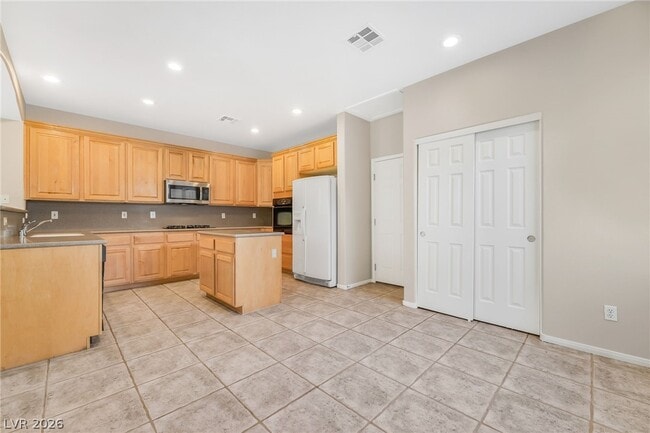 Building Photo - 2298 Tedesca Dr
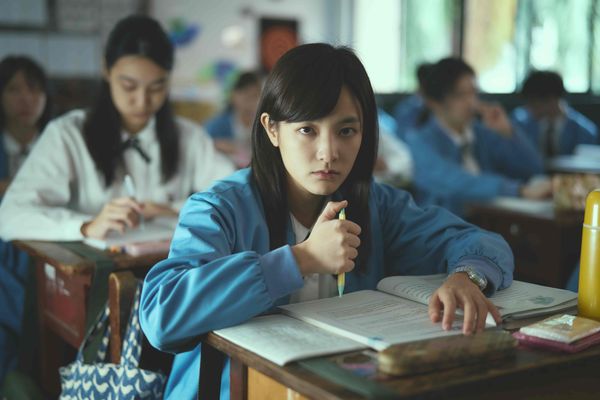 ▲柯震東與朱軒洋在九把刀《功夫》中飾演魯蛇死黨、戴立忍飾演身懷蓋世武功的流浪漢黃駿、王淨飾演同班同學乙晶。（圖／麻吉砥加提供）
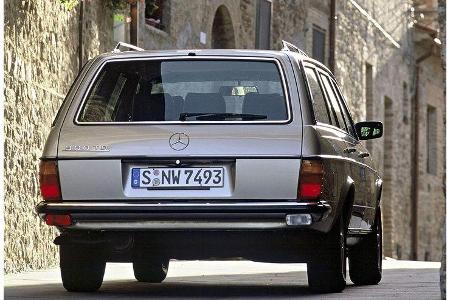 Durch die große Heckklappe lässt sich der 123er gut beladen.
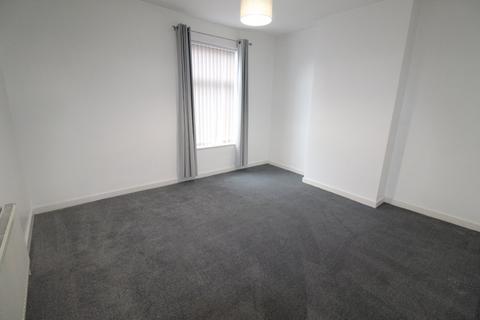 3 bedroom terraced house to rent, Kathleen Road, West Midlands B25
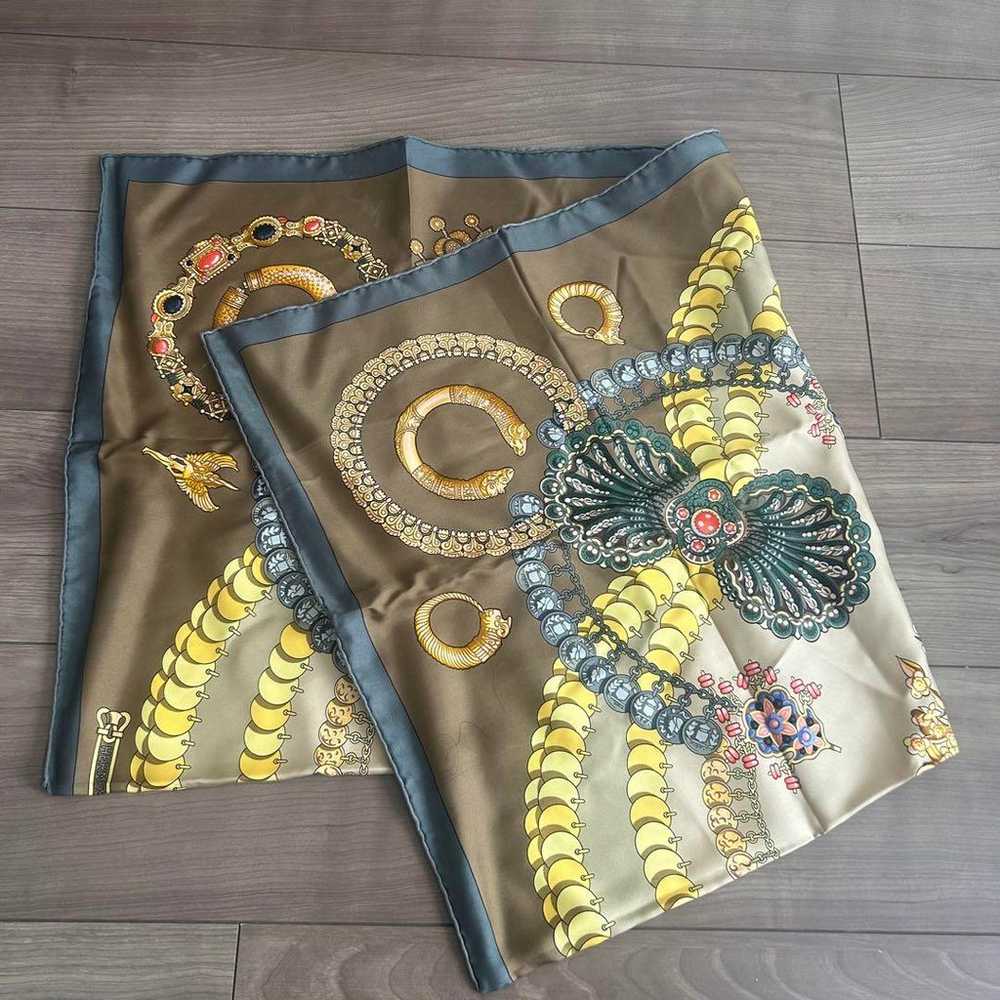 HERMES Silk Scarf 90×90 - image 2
^^^^^^^^^^^^^^^^
Exact copy, pictures omitted: every line from the one holding "Durch die große" through the last line of the data above, and nothing else.

 Durch die große Heckklappe lässt sich der 123er gut beladen.
 3 bedroom terraced house to rent, Kathleen Road, West Midlands B25
 HERMES Silk Scarf 90×90 - image 2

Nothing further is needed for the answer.